'''

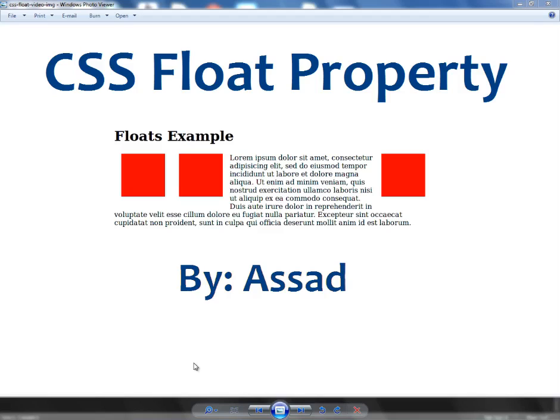What's up everyone, this is Asudala Chaudhary and in this video lesson I'm going to talk about the CSS float property. The CSS float property is used to push your elements to the right side or to the left side, meaning the elements are floated horizontally. You cannot float them vertically.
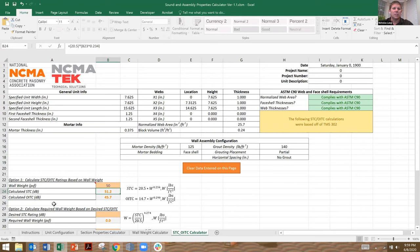OITC is similar to STC, but it's calibrated based on sound from outdoors — so traffic or airplanes, something like that — and it's calculating the transmission from the outside of a building to the inside of a building. Both of these are easy calculations, and NCMA has those resources that I just showed you.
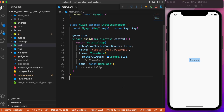Welcome back to another Flutter tutorial. In this lesson we will discuss how to create a local or internal package that can be used within the same project. If you want to share or reuse the same kind of code snippet in multiple places within the same project, you can create a package for that. Anyone contributing to the same project can also make use of that package.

'''

PROBLEM TO SOLVE: Quote the listing above in full, except for the pictures.

EXERCISE ANSWER:
What's up everyone, this is Asudala Chaudhary and in this video lesson I'm going to talk about the CSS float property. The CSS float property is used to push your elements to the right side or to the left side, meaning the elements are floated horizontally. You cannot float them vertically.
OITC is similar to STC, but it's calibrated based on sound from outdoors — so traffic or airplanes, something like that — and it's calculating the transmission from the outside of a building to the inside of a building. Both of these are easy calculations, and NCMA has those resources that I just showed you.
Welcome back to another Flutter tutorial. In this lesson we will discuss how to create a local or internal package that can be used within the same project. If you want to share or reuse the same kind of code snippet in multiple places within the same project, you can create a package for that. Anyone contributing to the same project can also make use of that package.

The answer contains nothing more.